After starter Rob Walker was injured early, Donahue made the point again by telling Barnes that he would remain fifth string because the scholarship guys needed their chances.

“Riding that bike home every night, brakes broken, stopping it with my feet, I would still envision what it would be like if I played,” Barnes said. “What decisions I would make. How I could lead us.”


He practiced his drop-back moves under a streetlight near his apartment. He sat outside the coaches’ office so they would see him studying the plays.

He moved the scout team in practice against the first-team defense, even changing his cadence to draw them offside.

Everyone finally noticed. The Bruins had lost their first two conference games, so why not? After he’d given a stirring Friday night speech before a game against Washington State, Barnes was given a start.

And now the hard part began.


He threw an interception early in that game, and was benched for what he thought would be forever.

“He walked back to sit next to me on the bus, and you could tell he had been crying, his career was over,” Smith said.

Then, when he was given another chance, he realized that, with his learning disability, he would need help figuring out the complicated offense.

So he confided in Neuheisel, who calmly told him it was no big deal, that he would help him as long as it didn’t mean circumventing the other coaches.


“Sure, I acted calm.

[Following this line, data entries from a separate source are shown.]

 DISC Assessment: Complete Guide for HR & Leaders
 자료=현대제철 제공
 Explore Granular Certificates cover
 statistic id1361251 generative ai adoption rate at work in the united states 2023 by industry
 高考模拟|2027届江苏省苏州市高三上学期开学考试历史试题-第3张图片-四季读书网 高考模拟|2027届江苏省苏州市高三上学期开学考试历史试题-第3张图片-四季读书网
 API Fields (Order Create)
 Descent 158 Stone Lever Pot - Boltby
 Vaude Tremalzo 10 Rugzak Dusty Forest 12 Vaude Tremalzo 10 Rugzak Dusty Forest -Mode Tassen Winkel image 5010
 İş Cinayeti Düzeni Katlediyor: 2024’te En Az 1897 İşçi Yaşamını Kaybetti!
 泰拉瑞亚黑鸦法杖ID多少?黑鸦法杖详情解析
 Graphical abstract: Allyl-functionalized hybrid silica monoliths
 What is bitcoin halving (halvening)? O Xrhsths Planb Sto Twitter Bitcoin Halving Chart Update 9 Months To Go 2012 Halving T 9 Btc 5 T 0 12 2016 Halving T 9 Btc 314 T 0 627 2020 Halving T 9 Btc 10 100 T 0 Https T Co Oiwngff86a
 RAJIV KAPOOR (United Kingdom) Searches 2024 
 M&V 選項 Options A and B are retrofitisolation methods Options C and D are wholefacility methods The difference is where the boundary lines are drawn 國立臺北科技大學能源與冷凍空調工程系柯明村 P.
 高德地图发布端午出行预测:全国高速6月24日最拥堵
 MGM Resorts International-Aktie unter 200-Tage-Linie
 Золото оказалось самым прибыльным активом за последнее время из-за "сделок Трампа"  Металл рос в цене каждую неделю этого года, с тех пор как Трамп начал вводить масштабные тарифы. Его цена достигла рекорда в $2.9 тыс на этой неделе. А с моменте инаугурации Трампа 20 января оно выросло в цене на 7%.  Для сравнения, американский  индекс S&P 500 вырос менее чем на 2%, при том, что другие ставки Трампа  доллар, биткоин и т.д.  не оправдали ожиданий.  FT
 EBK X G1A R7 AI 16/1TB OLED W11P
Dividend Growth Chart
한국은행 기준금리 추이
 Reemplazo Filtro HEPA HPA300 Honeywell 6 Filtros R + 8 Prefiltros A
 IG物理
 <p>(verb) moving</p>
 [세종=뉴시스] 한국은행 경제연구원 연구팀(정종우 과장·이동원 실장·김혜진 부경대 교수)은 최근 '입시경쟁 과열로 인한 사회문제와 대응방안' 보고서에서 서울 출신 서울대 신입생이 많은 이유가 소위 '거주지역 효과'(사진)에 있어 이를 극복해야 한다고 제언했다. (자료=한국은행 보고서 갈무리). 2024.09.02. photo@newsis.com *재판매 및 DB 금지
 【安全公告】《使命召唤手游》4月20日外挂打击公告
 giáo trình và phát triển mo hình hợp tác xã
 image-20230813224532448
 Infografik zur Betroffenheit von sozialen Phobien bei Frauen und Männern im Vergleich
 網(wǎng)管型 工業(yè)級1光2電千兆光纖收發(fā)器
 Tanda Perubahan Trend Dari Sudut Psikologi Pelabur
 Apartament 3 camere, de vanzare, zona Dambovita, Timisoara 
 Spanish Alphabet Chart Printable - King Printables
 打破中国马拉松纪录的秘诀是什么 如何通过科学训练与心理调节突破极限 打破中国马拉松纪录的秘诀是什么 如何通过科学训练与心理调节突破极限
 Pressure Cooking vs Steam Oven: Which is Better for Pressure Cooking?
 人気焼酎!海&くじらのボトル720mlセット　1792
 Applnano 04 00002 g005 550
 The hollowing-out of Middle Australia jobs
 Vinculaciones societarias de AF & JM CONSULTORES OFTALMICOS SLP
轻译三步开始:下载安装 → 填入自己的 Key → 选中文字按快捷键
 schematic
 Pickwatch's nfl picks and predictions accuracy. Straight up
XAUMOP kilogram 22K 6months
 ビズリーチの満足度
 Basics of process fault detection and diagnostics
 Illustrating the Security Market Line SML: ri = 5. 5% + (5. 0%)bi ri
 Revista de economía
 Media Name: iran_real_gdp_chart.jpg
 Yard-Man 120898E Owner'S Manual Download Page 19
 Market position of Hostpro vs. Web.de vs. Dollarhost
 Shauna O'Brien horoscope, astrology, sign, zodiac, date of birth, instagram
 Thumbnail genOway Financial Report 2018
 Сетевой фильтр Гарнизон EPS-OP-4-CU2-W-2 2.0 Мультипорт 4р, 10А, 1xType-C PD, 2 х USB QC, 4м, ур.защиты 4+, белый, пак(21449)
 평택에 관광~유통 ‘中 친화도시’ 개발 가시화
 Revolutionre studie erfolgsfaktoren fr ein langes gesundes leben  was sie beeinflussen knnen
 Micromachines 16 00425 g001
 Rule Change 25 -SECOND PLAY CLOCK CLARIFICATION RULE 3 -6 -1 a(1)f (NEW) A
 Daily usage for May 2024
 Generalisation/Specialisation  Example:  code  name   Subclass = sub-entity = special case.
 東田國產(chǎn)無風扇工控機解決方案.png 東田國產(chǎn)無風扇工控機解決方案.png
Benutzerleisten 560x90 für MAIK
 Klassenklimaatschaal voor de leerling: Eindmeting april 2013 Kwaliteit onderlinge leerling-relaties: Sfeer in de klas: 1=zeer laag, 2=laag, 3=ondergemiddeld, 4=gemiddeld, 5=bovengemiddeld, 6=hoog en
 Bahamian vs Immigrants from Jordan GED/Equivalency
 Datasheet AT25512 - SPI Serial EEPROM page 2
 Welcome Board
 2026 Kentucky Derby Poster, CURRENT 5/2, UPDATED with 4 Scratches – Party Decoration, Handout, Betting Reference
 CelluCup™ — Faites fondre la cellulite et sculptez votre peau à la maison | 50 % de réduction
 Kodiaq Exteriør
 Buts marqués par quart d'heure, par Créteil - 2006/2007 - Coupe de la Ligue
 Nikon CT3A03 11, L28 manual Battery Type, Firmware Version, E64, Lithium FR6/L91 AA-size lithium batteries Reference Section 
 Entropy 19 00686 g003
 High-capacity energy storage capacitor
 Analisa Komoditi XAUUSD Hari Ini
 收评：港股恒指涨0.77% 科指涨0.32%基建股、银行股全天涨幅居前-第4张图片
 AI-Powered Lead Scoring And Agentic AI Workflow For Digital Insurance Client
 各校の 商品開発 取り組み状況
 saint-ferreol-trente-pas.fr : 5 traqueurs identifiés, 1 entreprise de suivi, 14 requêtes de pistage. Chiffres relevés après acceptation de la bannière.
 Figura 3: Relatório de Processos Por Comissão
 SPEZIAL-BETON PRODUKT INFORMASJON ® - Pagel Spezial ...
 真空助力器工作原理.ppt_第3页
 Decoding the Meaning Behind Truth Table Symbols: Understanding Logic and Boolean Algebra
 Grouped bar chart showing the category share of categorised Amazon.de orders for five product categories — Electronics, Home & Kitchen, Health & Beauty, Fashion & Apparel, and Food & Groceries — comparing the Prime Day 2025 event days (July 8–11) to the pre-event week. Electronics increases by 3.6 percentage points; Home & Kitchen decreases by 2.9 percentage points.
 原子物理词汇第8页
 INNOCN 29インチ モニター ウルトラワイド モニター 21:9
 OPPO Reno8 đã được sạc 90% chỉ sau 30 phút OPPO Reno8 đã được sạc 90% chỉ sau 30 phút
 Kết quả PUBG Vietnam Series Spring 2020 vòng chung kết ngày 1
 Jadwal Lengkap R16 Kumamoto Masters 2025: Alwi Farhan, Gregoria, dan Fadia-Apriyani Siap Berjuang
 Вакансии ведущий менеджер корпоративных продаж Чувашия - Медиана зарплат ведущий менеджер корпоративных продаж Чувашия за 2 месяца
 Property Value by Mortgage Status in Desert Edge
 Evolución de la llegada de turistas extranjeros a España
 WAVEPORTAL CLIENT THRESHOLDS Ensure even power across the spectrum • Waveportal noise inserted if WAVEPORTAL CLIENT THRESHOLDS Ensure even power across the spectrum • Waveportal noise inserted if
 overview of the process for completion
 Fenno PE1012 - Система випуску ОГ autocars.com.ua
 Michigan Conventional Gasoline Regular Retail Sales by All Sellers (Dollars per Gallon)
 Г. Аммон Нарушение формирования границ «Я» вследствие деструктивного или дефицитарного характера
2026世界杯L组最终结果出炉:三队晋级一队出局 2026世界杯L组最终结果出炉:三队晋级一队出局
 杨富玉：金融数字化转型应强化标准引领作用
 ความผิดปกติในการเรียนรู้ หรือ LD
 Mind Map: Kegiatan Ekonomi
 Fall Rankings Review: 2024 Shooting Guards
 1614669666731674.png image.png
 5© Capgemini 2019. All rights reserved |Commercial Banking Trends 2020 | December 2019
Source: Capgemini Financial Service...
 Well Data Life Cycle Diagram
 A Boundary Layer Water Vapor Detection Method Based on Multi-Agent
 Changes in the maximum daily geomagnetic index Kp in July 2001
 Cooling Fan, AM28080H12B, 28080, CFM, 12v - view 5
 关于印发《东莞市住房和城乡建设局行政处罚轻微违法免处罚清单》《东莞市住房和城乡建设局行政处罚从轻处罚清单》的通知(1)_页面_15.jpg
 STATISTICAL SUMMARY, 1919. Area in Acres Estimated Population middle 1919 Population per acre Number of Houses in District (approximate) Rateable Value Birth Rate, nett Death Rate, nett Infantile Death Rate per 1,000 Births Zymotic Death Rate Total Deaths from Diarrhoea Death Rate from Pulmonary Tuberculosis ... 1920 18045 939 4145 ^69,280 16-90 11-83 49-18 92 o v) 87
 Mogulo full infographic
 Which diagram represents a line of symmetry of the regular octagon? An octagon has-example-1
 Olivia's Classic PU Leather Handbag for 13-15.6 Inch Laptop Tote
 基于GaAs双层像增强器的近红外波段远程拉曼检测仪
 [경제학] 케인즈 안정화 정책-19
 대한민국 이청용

I didn’t want John to see me running into a room shouting, ‘Oh no, we’re dead!’ ” Neuheisel said. “But it was very, very unusual.”

Together, they worked on helping Barnes remember the offense.

And when Barnes couldn’t, Neuheisel stood on the sidelines, contorting his body like a Y or a Z to remind Barnes of his primary receivers.

“It was crazy, like somebody doing the ‘YMCA’ dance over there,’ ” Barnes said. “But it worked.”


Then came The Game, when Neuheisel simplified the Bruin signs so that all Barnes had to do was nod at J.J. Stokes, and the receiver would run downfield for a bomb.

“But I didn’t think he would do it on third down on our 10-yard line!” said Neuheisel, the Washington coach who is still close to Barnes today. “I about died.”

The throw was perfect, the run was dazzling, the touchdown was scored with 2:04 remaining as the Bruins took a lead over USC that they never lost.

It was a moment Barnes never repeated.


A couple of weeks later, he was given a scholarship, and it allowed him to finish school, but the glory died.

He played football in Italy one year, enjoying sights such as offensive linemen smoking on the sidelines, experiencing adventures such as calling the wrong plays in Italian.

Then he turned to a life of selling, which is what he had been doing for years anyway.

“All this taught me that you never give up, that good things will happen if you hang in there long enough,” he said, an example of all that is possible with college athletics. “Believe me, I got as much out of that game as UCLA did.”


Oh, plus a little acting job in an acclaimed movie.

Barnes played the Alabama quarterback who handed the ball to Tom Hanks’ character.

“The 1992 game was something I’ll never forget, and the movie was perfect,” Neuheisel said. “John Barnes was UCLA’s Forrest Gump.”